Another of the initial hits you may get from your Google search is “How Vaccines Are Made” on website of The History of Vaccines. It offers a much more informed and comprehensive, five-step explanation of what goes into making a vaccine.3
The first step is the “generation of the antigen used to induce an immune response.” This step includes the “growth and harvesting of the pathogen itself (for later inactivation or isolation of a subunit) or generation of a recombinant protein (a protein made with DNA technology) derived from that pathogen. The page explains that recombinant proteins can be “manufactured in cultures of bacterial cells or yeast.” It explains that viruses are grown in “cell cultures” (sometimes derived from chicken embryos) and bacteria are grown in “devices using a growth medium developed to optimize the yield of the antigen while maintaining its integrity.”3
The second step is to “release the antigen from the cells and isolate from the material used in its growth.” The page notes that “proteins and other parts of the growth medium may still be present and must be removed in the next step” and that the “goal of this stage is to release as much virus and bacteria as possible.”3
The third step is the “purification of the antigen.” The page explains that for vaccines that are made from “recombinant proteins,” this may involve a method of separating materials called “chromatography” and ultrafiltration. It notes that “inactivation may occur.”3
The fourth step may involve the addition of an adjuvant, which is the “material that nonspecifically enhances immune responses.” Additionally, vaccines may also include “stabilizers to prolong shelf-life or preservatives to allow multi-dose vials to be used safely.”3
Finally, the fifth and last step “combines all components that make up the final vaccine and uniformly mixes them in a single vessel.” Then, the vaccine is poured into a “vial or syringe packages, sealed with sterile stoppers or plungers, and labeled for widespread distribution.”3
There are a lot more ingredients in vaccines other than lab-altered viruses and bacteria, including potentially toxic ingredients. All you have to do is take a look at the list of excipients included in U.S. vaccines published by the U.S. Centers for Disease Control and Prevention (CDC).4
So why would a vaccine developer promoting mandatory use of vaccines like Dr. Offit offer such a simplistic explanation about the process of how vaccines are made? Could it be that he doesn’t want to tell people the whole truth because he is afraid they will start asking questions?
It reminds me of parents who answer their children’s question about where babies come from by telling them about the stork. It may work in the short term but fairy tales don’t hold up over time.

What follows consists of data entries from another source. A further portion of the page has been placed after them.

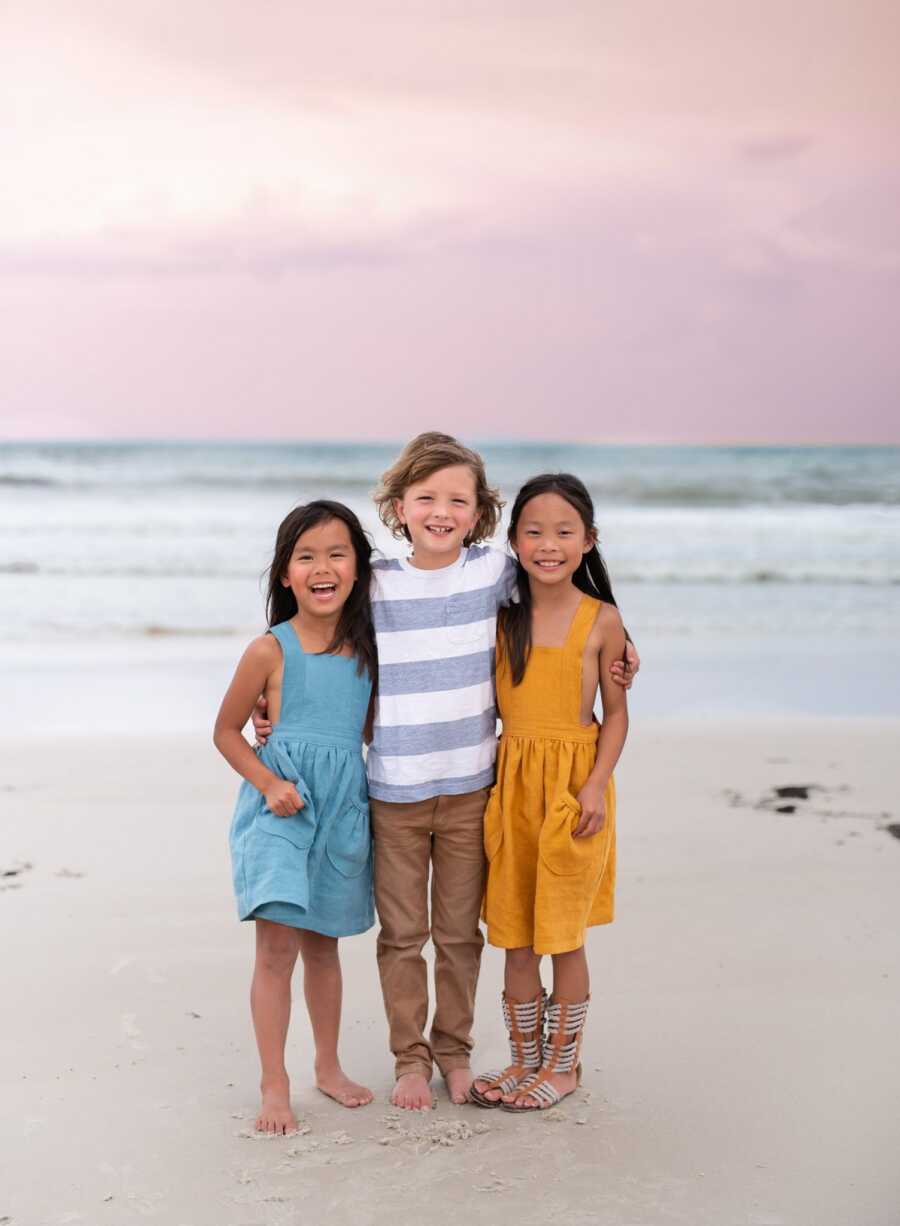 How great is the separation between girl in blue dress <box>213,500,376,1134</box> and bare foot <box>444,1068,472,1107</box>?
0.59ft

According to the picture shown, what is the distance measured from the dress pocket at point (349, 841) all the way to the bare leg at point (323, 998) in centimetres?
20

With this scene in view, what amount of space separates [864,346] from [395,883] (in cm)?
1738

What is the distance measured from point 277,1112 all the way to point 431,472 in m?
1.35

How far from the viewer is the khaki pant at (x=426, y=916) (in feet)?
9.18

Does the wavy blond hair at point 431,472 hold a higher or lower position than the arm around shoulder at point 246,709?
higher

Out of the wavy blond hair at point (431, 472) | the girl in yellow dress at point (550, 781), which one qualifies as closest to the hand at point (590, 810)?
the girl in yellow dress at point (550, 781)

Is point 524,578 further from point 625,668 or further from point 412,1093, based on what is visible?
point 412,1093

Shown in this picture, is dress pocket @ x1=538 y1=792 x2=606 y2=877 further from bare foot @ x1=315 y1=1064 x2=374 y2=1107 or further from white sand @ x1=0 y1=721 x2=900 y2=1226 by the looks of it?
bare foot @ x1=315 y1=1064 x2=374 y2=1107

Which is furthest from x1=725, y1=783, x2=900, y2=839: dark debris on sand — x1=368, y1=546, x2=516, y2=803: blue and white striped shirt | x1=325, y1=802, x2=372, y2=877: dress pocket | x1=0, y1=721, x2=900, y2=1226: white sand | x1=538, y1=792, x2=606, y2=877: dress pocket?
x1=325, y1=802, x2=372, y2=877: dress pocket

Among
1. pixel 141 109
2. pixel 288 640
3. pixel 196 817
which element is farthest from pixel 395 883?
pixel 141 109

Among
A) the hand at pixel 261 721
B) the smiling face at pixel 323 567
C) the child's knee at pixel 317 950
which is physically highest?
the smiling face at pixel 323 567

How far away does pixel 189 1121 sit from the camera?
2.66m

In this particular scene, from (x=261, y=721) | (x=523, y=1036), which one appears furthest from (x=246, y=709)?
(x=523, y=1036)

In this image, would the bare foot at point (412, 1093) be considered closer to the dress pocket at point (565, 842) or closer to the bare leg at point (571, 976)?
the bare leg at point (571, 976) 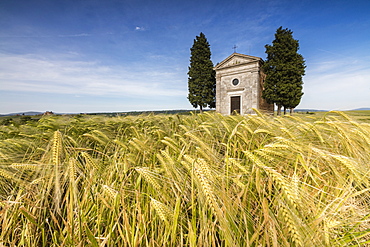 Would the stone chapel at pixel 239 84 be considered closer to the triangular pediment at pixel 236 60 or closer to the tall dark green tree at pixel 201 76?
the triangular pediment at pixel 236 60

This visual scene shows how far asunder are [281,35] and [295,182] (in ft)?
70.8

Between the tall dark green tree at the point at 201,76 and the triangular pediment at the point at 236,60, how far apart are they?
73.2 inches

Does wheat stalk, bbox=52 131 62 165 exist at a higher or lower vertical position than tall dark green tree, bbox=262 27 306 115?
lower

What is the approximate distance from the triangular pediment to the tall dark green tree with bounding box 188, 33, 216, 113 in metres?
1.86

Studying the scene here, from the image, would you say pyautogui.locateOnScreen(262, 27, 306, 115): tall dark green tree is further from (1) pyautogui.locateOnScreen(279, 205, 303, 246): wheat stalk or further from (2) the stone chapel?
(1) pyautogui.locateOnScreen(279, 205, 303, 246): wheat stalk

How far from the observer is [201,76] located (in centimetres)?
2094

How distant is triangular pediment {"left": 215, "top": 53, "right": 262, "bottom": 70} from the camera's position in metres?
18.0

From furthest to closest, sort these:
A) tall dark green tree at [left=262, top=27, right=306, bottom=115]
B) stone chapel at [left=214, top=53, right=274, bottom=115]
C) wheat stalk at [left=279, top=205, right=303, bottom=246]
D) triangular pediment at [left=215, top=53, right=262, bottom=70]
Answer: triangular pediment at [left=215, top=53, right=262, bottom=70]
stone chapel at [left=214, top=53, right=274, bottom=115]
tall dark green tree at [left=262, top=27, right=306, bottom=115]
wheat stalk at [left=279, top=205, right=303, bottom=246]

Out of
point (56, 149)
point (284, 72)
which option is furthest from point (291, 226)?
point (284, 72)

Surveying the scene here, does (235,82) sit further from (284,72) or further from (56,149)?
(56,149)

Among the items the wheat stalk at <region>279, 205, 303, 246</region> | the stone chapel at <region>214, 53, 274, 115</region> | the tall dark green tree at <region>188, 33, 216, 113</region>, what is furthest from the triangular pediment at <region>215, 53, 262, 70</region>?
the wheat stalk at <region>279, 205, 303, 246</region>

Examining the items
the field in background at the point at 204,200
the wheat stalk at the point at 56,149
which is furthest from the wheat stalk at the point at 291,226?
the wheat stalk at the point at 56,149

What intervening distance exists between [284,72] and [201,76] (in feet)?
32.3

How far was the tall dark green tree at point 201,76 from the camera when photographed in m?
20.9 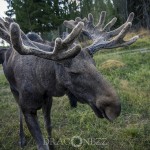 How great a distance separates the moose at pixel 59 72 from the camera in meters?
2.80

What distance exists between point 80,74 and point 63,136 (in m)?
2.14

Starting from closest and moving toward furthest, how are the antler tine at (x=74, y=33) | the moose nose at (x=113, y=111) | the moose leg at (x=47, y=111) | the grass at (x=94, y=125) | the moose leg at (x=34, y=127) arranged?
1. the moose nose at (x=113, y=111)
2. the antler tine at (x=74, y=33)
3. the moose leg at (x=34, y=127)
4. the moose leg at (x=47, y=111)
5. the grass at (x=94, y=125)

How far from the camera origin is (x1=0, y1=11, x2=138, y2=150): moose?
280 centimetres

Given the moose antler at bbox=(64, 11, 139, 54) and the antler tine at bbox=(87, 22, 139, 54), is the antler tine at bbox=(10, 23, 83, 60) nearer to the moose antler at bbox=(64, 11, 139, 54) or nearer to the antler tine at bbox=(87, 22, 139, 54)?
the moose antler at bbox=(64, 11, 139, 54)

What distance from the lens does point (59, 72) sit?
3.10 metres

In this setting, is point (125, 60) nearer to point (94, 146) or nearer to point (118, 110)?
point (94, 146)

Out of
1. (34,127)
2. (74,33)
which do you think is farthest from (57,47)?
(34,127)

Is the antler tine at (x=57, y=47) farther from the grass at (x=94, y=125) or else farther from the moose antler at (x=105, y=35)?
the grass at (x=94, y=125)

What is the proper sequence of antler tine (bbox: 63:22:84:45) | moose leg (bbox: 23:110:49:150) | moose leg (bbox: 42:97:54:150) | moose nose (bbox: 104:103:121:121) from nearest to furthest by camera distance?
moose nose (bbox: 104:103:121:121) → antler tine (bbox: 63:22:84:45) → moose leg (bbox: 23:110:49:150) → moose leg (bbox: 42:97:54:150)

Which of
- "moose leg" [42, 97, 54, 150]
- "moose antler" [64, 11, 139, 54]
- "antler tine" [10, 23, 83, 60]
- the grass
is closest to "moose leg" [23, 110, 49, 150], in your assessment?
"moose leg" [42, 97, 54, 150]

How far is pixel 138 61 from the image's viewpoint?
36.0 ft

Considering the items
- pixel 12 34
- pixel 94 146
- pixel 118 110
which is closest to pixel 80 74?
pixel 118 110

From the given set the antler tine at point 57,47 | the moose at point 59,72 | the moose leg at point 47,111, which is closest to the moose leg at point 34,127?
the moose at point 59,72

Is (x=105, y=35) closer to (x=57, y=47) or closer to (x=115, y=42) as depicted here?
(x=115, y=42) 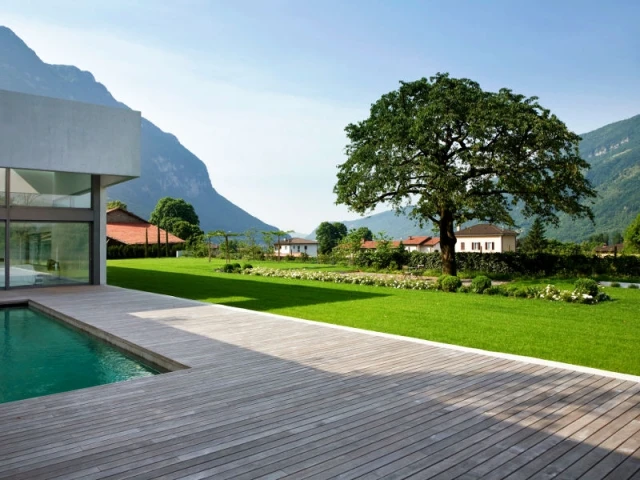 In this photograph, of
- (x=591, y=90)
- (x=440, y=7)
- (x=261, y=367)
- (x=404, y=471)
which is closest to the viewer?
(x=404, y=471)

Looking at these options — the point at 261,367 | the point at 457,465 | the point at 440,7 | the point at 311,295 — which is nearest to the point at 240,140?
the point at 440,7

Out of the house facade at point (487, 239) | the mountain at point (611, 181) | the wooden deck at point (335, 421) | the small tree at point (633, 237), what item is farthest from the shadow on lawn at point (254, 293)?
the small tree at point (633, 237)

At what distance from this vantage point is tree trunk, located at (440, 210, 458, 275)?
1959 cm

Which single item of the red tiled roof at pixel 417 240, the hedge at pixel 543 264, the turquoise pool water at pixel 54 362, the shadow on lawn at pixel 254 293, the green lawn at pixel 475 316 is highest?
the red tiled roof at pixel 417 240

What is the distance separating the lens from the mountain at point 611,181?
335 ft

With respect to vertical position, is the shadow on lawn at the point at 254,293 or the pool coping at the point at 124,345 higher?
the shadow on lawn at the point at 254,293

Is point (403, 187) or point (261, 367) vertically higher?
point (403, 187)

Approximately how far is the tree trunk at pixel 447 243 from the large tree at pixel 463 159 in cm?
4

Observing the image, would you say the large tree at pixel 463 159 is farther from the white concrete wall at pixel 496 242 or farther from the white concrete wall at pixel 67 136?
the white concrete wall at pixel 496 242

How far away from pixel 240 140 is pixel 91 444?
3212 cm

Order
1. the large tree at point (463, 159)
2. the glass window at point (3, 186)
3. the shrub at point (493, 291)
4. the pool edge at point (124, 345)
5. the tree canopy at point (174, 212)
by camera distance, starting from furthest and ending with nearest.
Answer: the tree canopy at point (174, 212) → the large tree at point (463, 159) → the shrub at point (493, 291) → the glass window at point (3, 186) → the pool edge at point (124, 345)

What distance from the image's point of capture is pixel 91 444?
3.36m

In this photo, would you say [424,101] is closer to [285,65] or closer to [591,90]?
[285,65]

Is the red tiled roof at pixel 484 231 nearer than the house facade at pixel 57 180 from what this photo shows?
No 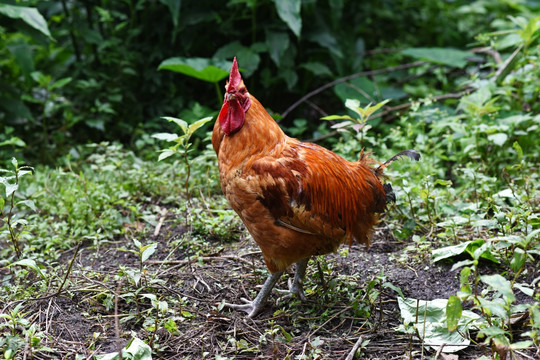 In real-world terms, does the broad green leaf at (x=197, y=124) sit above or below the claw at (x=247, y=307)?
above

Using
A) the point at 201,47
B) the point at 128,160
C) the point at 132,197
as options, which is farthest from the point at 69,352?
the point at 201,47

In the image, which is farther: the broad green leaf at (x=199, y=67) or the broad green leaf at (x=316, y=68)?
the broad green leaf at (x=316, y=68)

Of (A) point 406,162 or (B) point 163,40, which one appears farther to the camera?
(B) point 163,40

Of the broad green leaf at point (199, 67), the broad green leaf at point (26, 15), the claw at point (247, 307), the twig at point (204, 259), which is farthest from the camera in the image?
the broad green leaf at point (199, 67)

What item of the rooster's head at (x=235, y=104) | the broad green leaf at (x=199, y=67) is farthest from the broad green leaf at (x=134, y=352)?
the broad green leaf at (x=199, y=67)

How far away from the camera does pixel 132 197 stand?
4.63 metres

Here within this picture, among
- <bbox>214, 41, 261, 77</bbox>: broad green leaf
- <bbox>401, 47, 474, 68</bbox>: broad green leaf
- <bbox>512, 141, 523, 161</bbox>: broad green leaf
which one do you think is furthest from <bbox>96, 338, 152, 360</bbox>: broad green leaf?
<bbox>401, 47, 474, 68</bbox>: broad green leaf

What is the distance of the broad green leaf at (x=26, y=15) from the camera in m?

Note: This commentary provides referenced information and perspective on a topic related to vaccine science, policy, law or ethics being discussed in public forums and by U.S. lawmakers. The websites of the U.S. Department of Health and Human Services (DHHS) provide information and perspective of federal agencies responsible for vaccine research, development, regulation and policymaking.
1 Making Vaccines: How Are Vaccines Made? Children’s Hospital of Philadelphia June 28, 2016.
2 Offit PA. What Are the Different Types of Vaccines? Children’s Hospital of Philadelphia Aug. 11, 2015.
3 How Vaccines Are Made. HistoryOfVaccines.org.
4 Centers for Disease Control and Prevention. Excipients Included in U.S. Vaccines, by Vaccine. CDC.gov January 2019.